Here is an excellent point made by commenter Glen Tomkins at Matthew Yglesias’ blog:
Predictive polling is forced to rely on biased sampling, because only a small fraction of the likely voters whose names are pulled from the hat can be contacted and/or agree to participate. If this small percentage were a random sample, it is true that all we would have to worry about would be the random variance. But it isn’t a random sample, people are filtered out or in based on their attitudes towards answering polls, when they’re home to answer the phone, etc.
Random sampling only works reliably on events that are periodic or that occur according to a random probability distribution!
If every voter determined their choice by rolling a dice, or picking the candidate round robin according to their order entering the voting building, the polling would work perfectly!
Polling is a psychological one and the idea that you can somehow magically use random sampling for nonrandom nor non-periodic events, is the problem.

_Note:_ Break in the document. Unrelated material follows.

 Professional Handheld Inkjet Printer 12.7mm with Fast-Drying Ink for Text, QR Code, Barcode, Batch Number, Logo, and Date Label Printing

Combine this notion with record primary turnouts and a lot of very committed, but angry Democratic electorate looking at the first African American and woman who have a legitimate shot at being nominated to a major party ticket, and you can see why the primary polls seem to swing so wildly. The constituencies are not mutually exclusive so you have some competing loyalties and that makes for difficult sampling.

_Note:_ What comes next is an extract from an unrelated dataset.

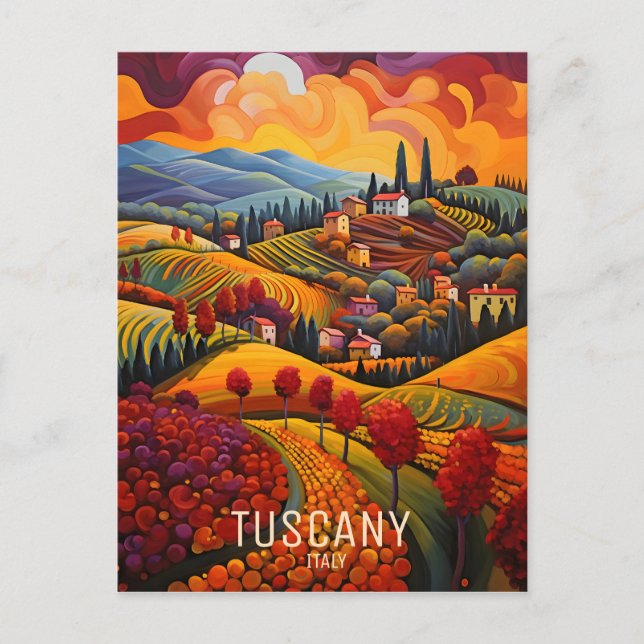 Cartão Postal Pintura da Toscana no outono | Itália Viagem | Art (Frente)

Gary Langer, director of polling for ABC News wants to look at the data before making any pronouncements.
But we need to know it through careful, empirically based analysis. There will be a lot of claims about what happened – about respondents who reputedly lied, about alleged difficulties polling in biracial contests. That may be so. It also may be a smokescreen – a convenient foil for pollsters who’d rather fault their respondents than own up to other possibilities – such as their own failings in sampling and likely voter modeling.